Apple loses the key engineer behind its iPhone chips that change game

Apple & # 39; s iOS devices are among & # 39; the world's most powerful mobile gadgets, largely thanks to the company's chip design capabilities. But it seems that the company may have lost one of the most important people behind its silicon success.

Gerard Williams III, senior director of platform architecture at Apple, left the company after nine years at the Cupertino colossus, a source that was told CNET. Williams would be responsible for every processor from the A7 in the iPhone 5s to the A12X that was featured in the latest iPad Pro line.

The A7 was the first 64-bit smartphone chip to be seen in a commercial product and its arrival surprised the Android world. After the launch, there were suggestions that Qualcomm & # 39; s first 64-bit flagship chipset (the Snapdragon 810) was a stop-gap release in a hurried attempt to compete.

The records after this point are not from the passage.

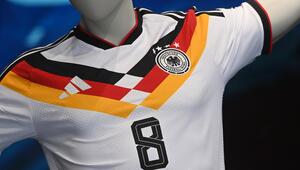 Adidas Trikot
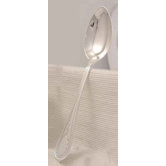 Hester Bateman Table Spoon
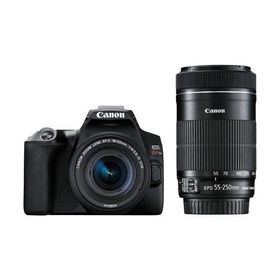 キヤノン EOS Kiss X10 ブラック ダブルズームキット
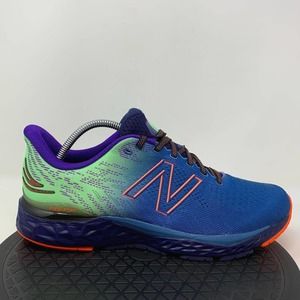 New Balance Mens Fresh Foam 880 v11 Running Shoes Size 11 Sneakers Training Blue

Apple has since enjoyed a long period of silicon domination, as it consistently performed better chips from Android OEM & # 39; s and chip manufacturers in most benchmark tests. But it certainly looks like the Snapdragon 855 processor from Qualcomm has narrowed the gap with the current gen-A12 chip.

Making mobile chipsets is a team achievement, but it is clear that Williams & # 39; direction had a major impact on Apple's mobile hardware; everyone who imitates him makes big profits. Whether that is Google, Huawei, MediaTek, Qualcomm, Samsung or anyone else, we don't know. Anyway, here we hope that the loss of Apple is the profit of Android.